Every subsequent Azure interaction can now take place through Terraform itself, which greatly simplifies pretty much everything.

Kubernetes Cluster

Your primary objective here is to define a Kubernetes cluster in Terraform that can then be provisioned on Azure. Create a "providers.tf" file, in which you will define your Terraform version and the providers we will be using:

terraform {
  required_version = ">=1.0"

  required_providers {
    azurerm = {
      source  = "hashicorp/azurerm"
      version = "~>3.0"
    }

    kubernetes = {
      source  = "hashicorp/kubernetes"
      version = "~>2.13"
    }
  }
}

provider "azurerm" {
  features {}
}

provider "kubernetes" {
  host                   = azurerm_kubernetes_cluster.my-aks-cluster.kube_config.0.host
  client_certificate     = base64decode(azurerm_kubernetes_cluster.my-aks-cluster.kube_config.0.client_certificate)
  client_key             = base64decode(azurerm_kubernetes_cluster.my-aks-cluster.kube_config.0.client_key)
  cluster_ca_certificate = base64decode(azurerm_kubernetes_cluster.my-aks-cluster.kube_config.0.cluster_ca_certificate)
}

Some interesting notes here:

Both Azure and Kubernetes are treated by Terraform as just another set of providers. These providers expose resources we can use to define our infrastructure.
The Kubernetes provider can be defined using properties defined in the Azure resources. This is a really nice feature of Terraform--outputs of one resource can be used as inputs to another, effectively automating the "stitching" process that can make infrastructure management such a complicated nightmare.

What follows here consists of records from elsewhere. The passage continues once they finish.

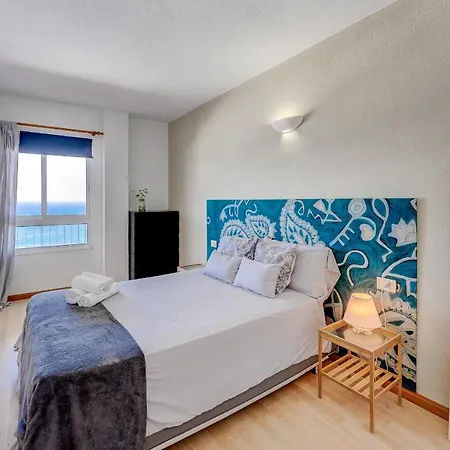 Bonito Apto Almar Apartamento Bajamar (La Laguna)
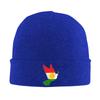 Kurdistan Flagge Mützen Bonnets Männer Frauen Lässig Kpop Mützen Beanies Frühling Design Warm Weich Mützen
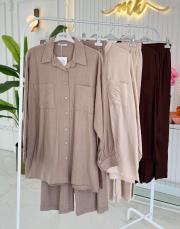 vizon iki cepli takım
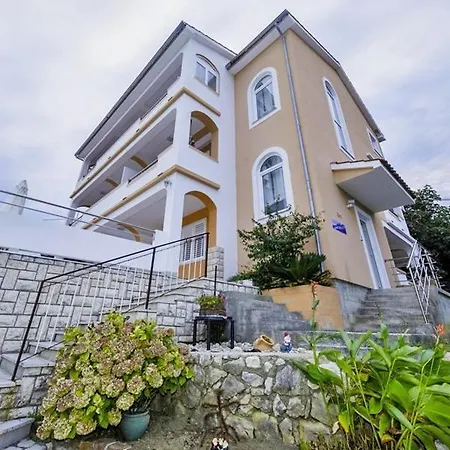 Gostinjska kuća Apartments Mlacovic Palit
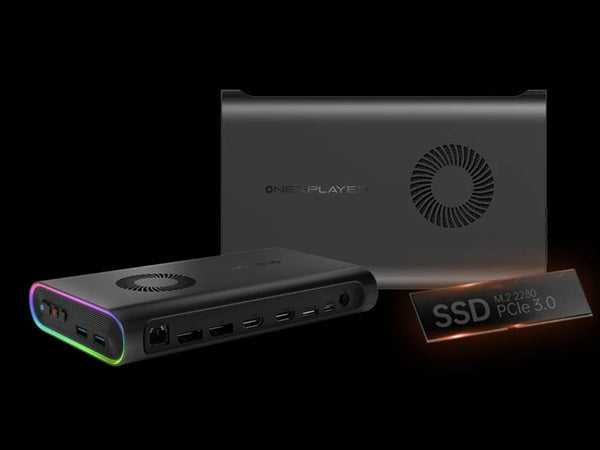 Building a 'Zero-Compromise' Desktop with OneXPlayer and External eGPU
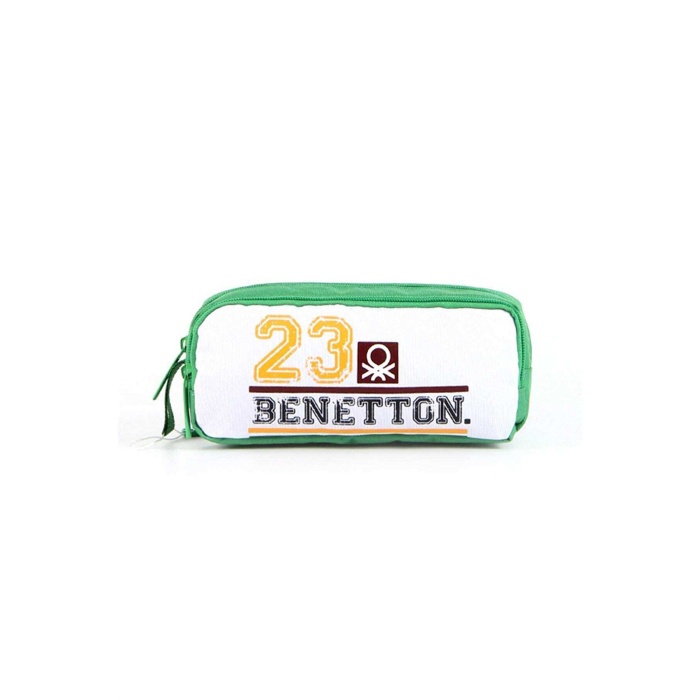 United Colors of Benetton Çift Bölmeli Kalemlik 76025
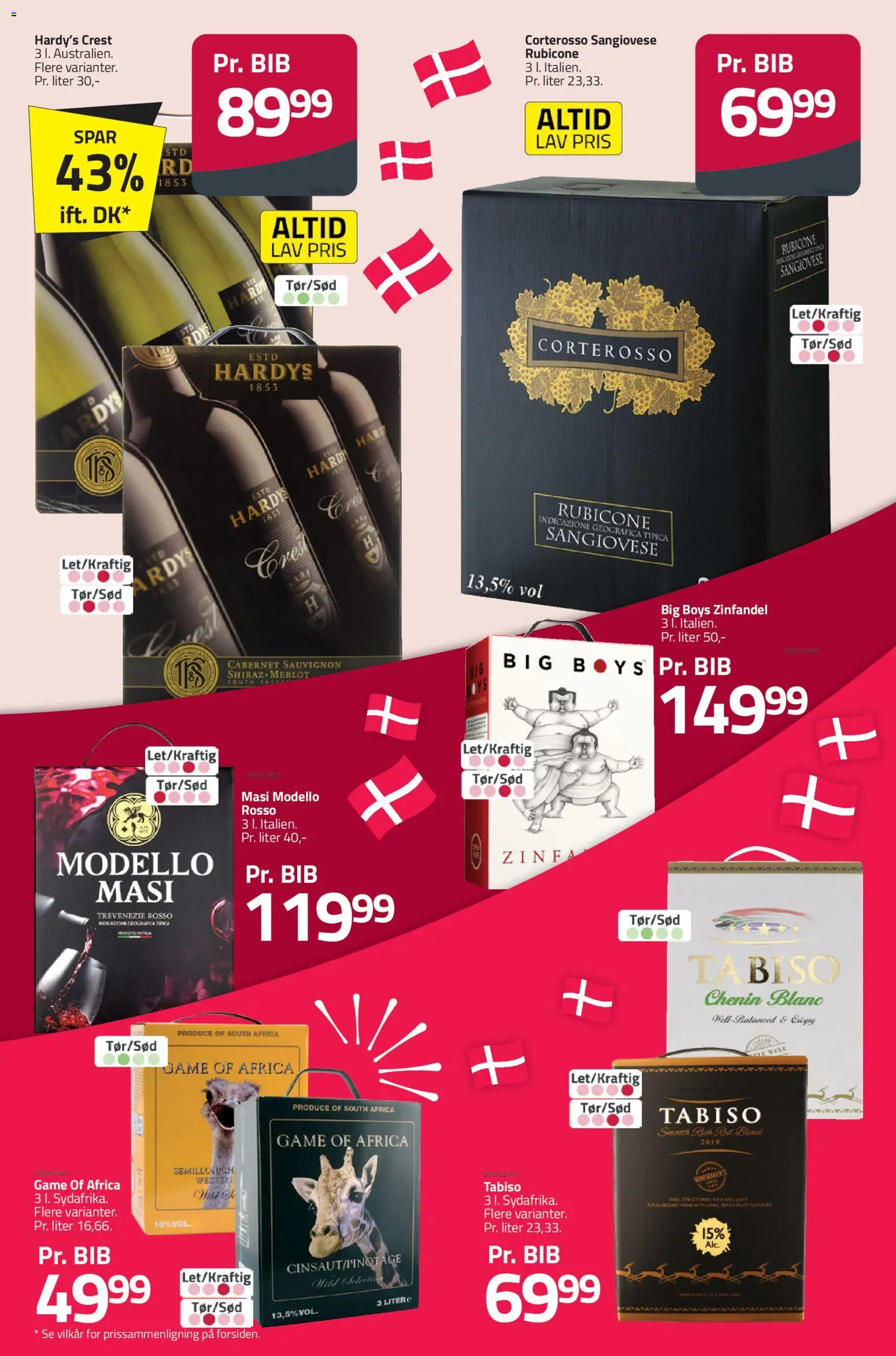 Fleggaard tilbudsavis – gyldig fra 04.03.2026 | Side: 35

You can run "terraform init" to install the appropriate dependencies/providers, but we haven't defined any infrastucture yet--so "terraform plan" and "terraform apply" won't do anything useful. Yet!

> terraform init

Resource Group

Create a new file, named "cluster.tf". We will be adding to Azure-based resources to this file:

A "resource group", which is how Azure groups shared resources
An "AKS", or Azure Kubernetes Service, cluster

The first item goes into your "cluster.tf" like so:

resource "azurerm_resource_group" "my-aks-rg" {
  name     = "my-aks-rg"
  location = var.location
}

The basic Terraform resource declaration goes something like "resource [resource type] [resource name]". This is followed by a block in which you can define specific key-value pairs and additional property blocks. Some of these properties can even be assigned procedurally from other references--like variables (preceded by "var.") that we will define later. So, you might read this content like so:

"I want to create a new resource of the type 'azurerm_resource_group'"
"It should have the name 'my-aks-rg'"
"It will have a 'name' of 'my-aks-rg'"
"It will have a location whose value will come from the variable 'location'"

Kubernetes Cluster

That's a simple case, though. Let's look at the AKS resource, which is significantly more complicated:

resource "azurerm_kubernetes_cluster" "my-aks-cluster" {
  name                = "my-aks-cluster"
  location            = azurerm_resource_group.my-aks-rg.location
  resource_group_name = azurerm_resource_group.my-aks-rg.name
  dns_prefix          = "my-aks-cluster"
  kubernetes_version  = var.kubernetes_version

  default_node_pool {
    name            = "default"
    node_count      = 1
    vm_size         = "Standard_E4s_v3"
    type            = "VirtualMachineScaleSets"
    os_disk_size_gb = 250
  }

  service_principal {
    client_id     = var.serviceprincipal_id
    client_secret = var.serviceprincipal_key
  }

  linux_profile {
    admin_username = "my_admin_username"
    ssh_key {
      key_data = var.ssh_key
    }
  }

  network_profile {
    network_plugin    = "kubenet"
    load_balancer_sku = "standard"
  }
}

Add this resource to your "cluster.tf" file, too. I'll point out some of the more interesting tidbits from this block:

Properties like "location" and "resource_group_name" reference properties of other resources--in this case, the resource group. This means you can assert identical locations and associations within your infrastructure consistently.
We define "node_pool" and "service_principal" blocks to indicate, respectively, the template of VMs in our "scale set" to use for nodes, and how the service principal credentials can be used to interact with Azure.
We can pass the SSH key for the VM systems directly to the provisioning
We let Azure know in the "network_profile" block that Kubernetes will handle the network configuration, including load-balancing

Variables

There are several variables we have reference so far. Common practice is to define these in a separate file, or even a unique file for each "module" (e.g., reusable folders of resource templates). For purposes of simplification, we'll consolidate these into the "cluster.tf" file since few are reused across files. Paste the following into the bottom of your "cluster.tf" file:

variable "location" {
  default = "centralus"
}

variable "kubernetes_version" {
  default = "1.24.3"
}

variable "serviceprincipal_id" {
}

variable "serviceprincipal_key" {
}

variable "ssh_key" {
}

You'll notice a few important things:

We reference these variables in other parts of the Terraform file by preceding their name with "var."
Some of these variables have default values; others must be specified when Terraform is asked to construct the plan ("terraform plan")
Variable values can be passed via environmental variable using the command line flags "-var". For example, "terraform plan -var ssh_key=%SSH_KEY%" will use the value of the environmental variable "%SSH_KEY%" for the Terraform variable "ssh_key".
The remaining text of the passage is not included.